# no start after engine wash



## mayfew (Aug 18, 2004)

Ok I sprayed some degreaser on the engine, and rinsed it off with the hose like I have done several times before. This time it(91 se maxima) does not start. The stater engages, engine turns, I can smell gas, but it will not turn over. I have used a blower on the engine to dry it off but no luck. I do not even know where to start. can somebody help me?


----------



## internetautomart (Mar 8, 2004)

start at the distributor.
look for cracks in the cap and water under the cap.


----------



## mayfew (Aug 18, 2004)

Ok waited a few hours, still nothing.

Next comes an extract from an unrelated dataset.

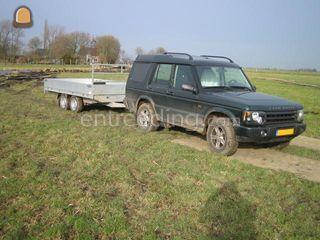 land- rover met aanhanger Omgeving Rotterdam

Then I pulled the wires, dried the ends and it started right up, no problems.


----------



## Rworlds (Apr 3, 2008)

Keep a can of wire dryer handy, sometimes mine wont start after a hard rain.


----------



## internetautomart (Mar 8, 2004)

Rworlds said:


> Keep a can of wire dryer handy, sometimes mine wont start after a hard rain.


then you need to change your wires.


----------



## Rworlds (Apr 3, 2008)

I have changed them before and the problem still occurs.


----------



## internetautomart (Mar 8, 2004)

what about the cap?


----------



## Rworlds (Apr 3, 2008)

It was a little rusty, but i cleaned it off and works ok for now.


----------



## internetautomart (Mar 8, 2004)

if it was rusty then it probably isn't keeping water out and should be replaced.


----------



## Rworlds (Apr 3, 2008)

OK cool, i will do that.


----------